Every line of the listing below should come back exactly as written, with no images.

[[ DATA EXCERPT open ]]

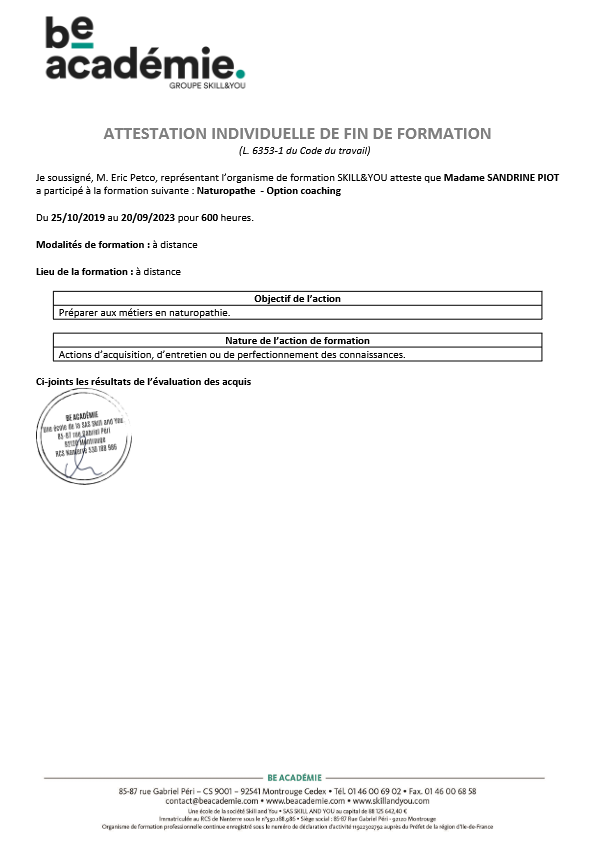 photo diplome Sandrine BARBIER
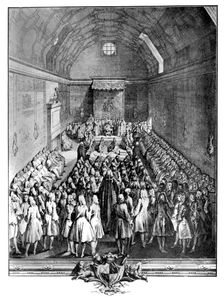 Interior of the House of Lords, Westminster, in 1742, (c1902-1905).Artist: John Pine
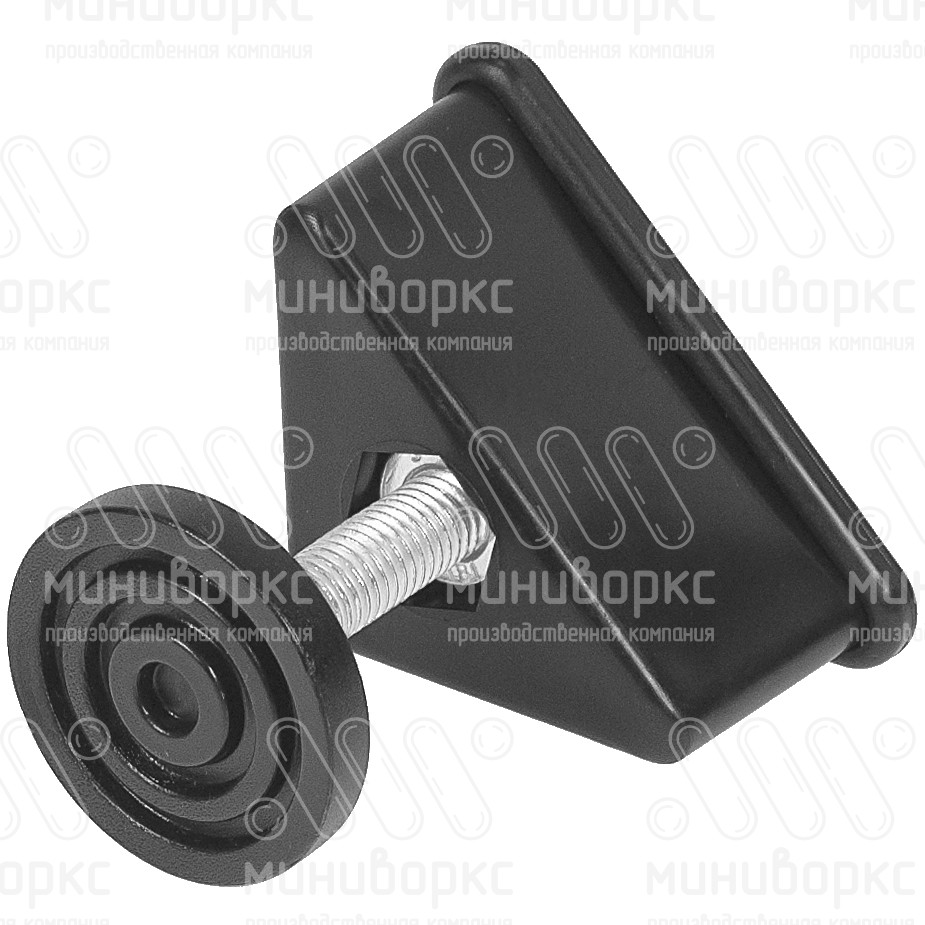 Комплект опоры под уголок 38х38, 40х40 мм и опоры с основанием Ø40 мм, под ключ 22 , цвет черный – U40-40M10.D40x40 - 3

[[ DATA EXCERPT closed ]]

» ANSWER SPACE:
 photo diplome Sandrine BARBIER
 Interior of the House of Lords, Westminster, in 1742, (c1902-1905).Artist: John Pine
 Комплект опоры под уголок 38х38, 40х40 мм и опоры с основанием Ø40 мм, под ключ 22 , цвет черный – U40-40M10.D40x40 - 3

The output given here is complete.